Exercise.
Starting at the line that contains "FALKE Socks in Brown: front", reproduce only the lines through the end of the data, exactly, including both the first and the last; skip the pictures.

(Extracted data entries)
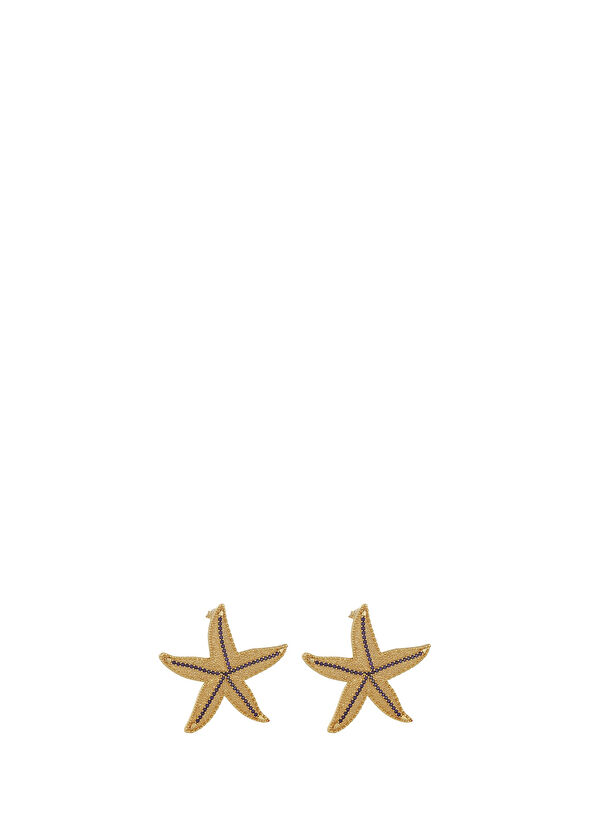 Aden Newyork Stella Gold Colored Earrings - 1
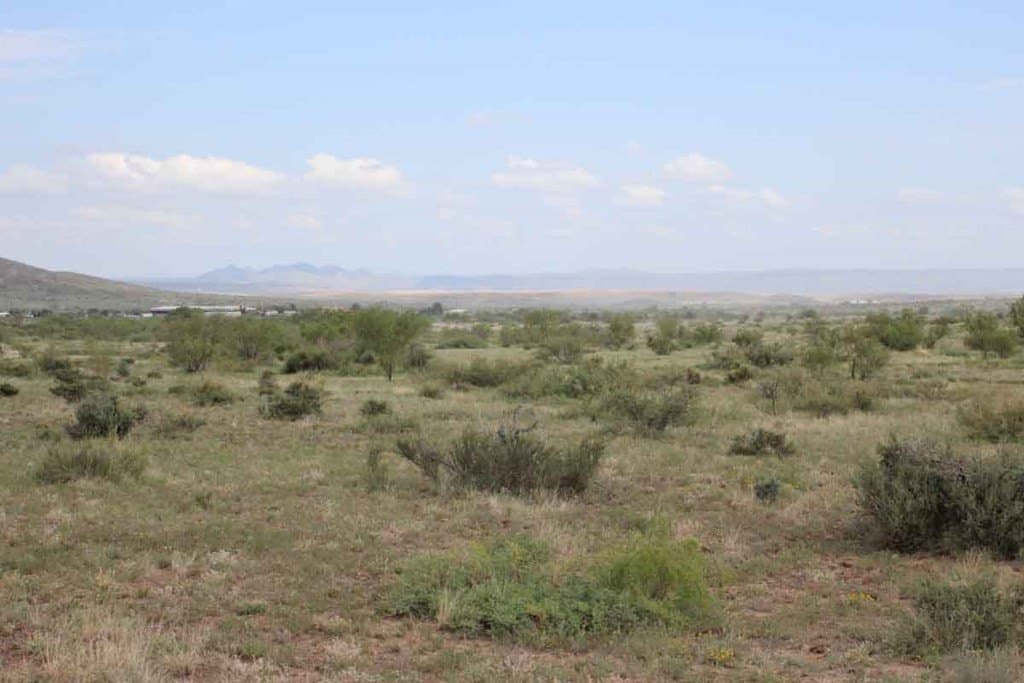 11.18 acres in Brewster County - photo 7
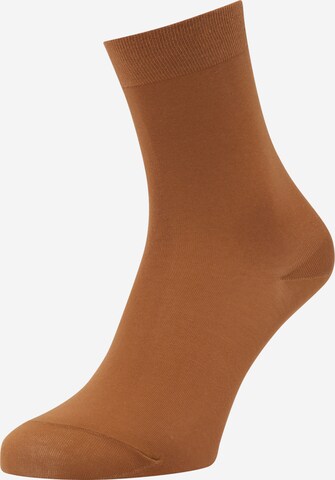 FALKE Socks in Brown: front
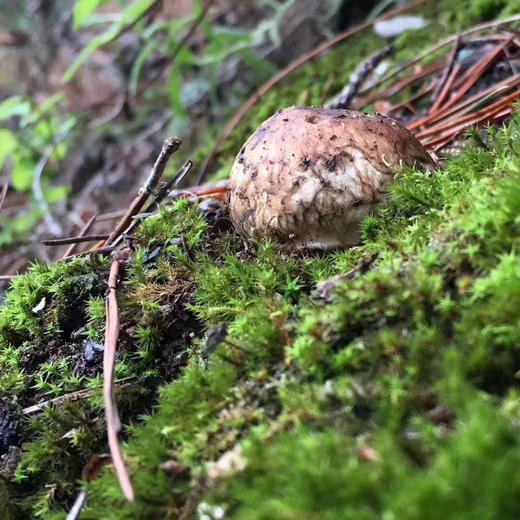 【云南野生新鲜松茸】香格里拉野生松茸/出口级精品实惠优选级各种规格专业包装顺丰空运包邮 商品图5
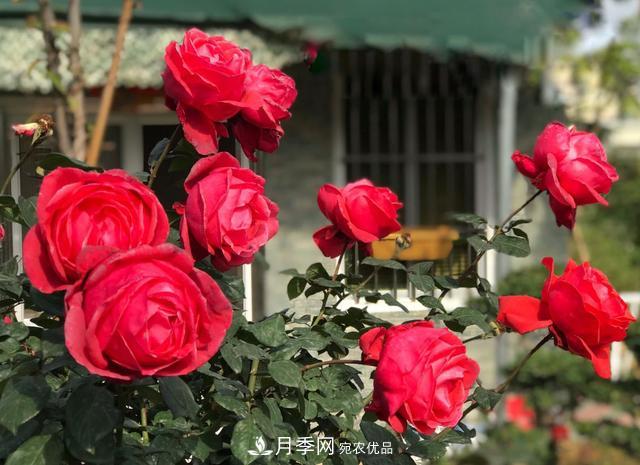 8款冷門月季，表現(xiàn)特別好，但是養(yǎng)的人不多(圖9)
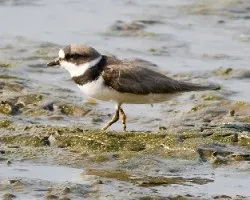 Charadrius semipalmatus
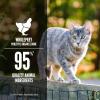 imageORIJEN Premium Pate Wet Cat Food Variety Pack Original  Duck ampamp Chicken Recipes 3oz Cans 12 Count 6 of EachChicken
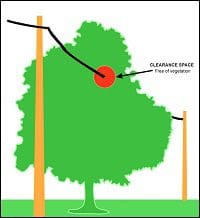 vegetation-power-lines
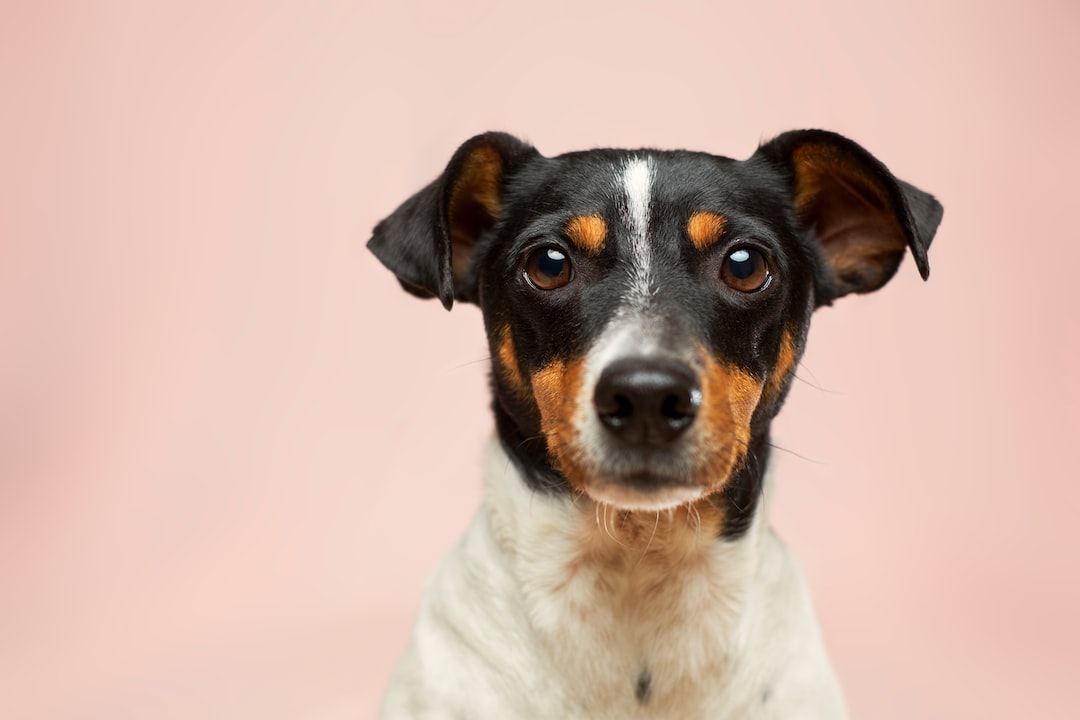 3D Dog Wallpapers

Answer space.
 FALKE Socks in Brown: front
 【云南野生新鲜松茸】香格里拉野生松茸/出口级精品实惠优选级各种规格专业包装顺丰空运包邮 商品图5
 8款冷門月季，表現(xiàn)特別好，但是養(yǎng)的人不多(圖9)
 Charadrius semipalmatus
 imageORIJEN Premium Pate Wet Cat Food Variety Pack Original  Duck ampamp Chicken Recipes 3oz Cans 12 Count 6 of EachChicken
 vegetation-power-lines
 3D Dog Wallpapers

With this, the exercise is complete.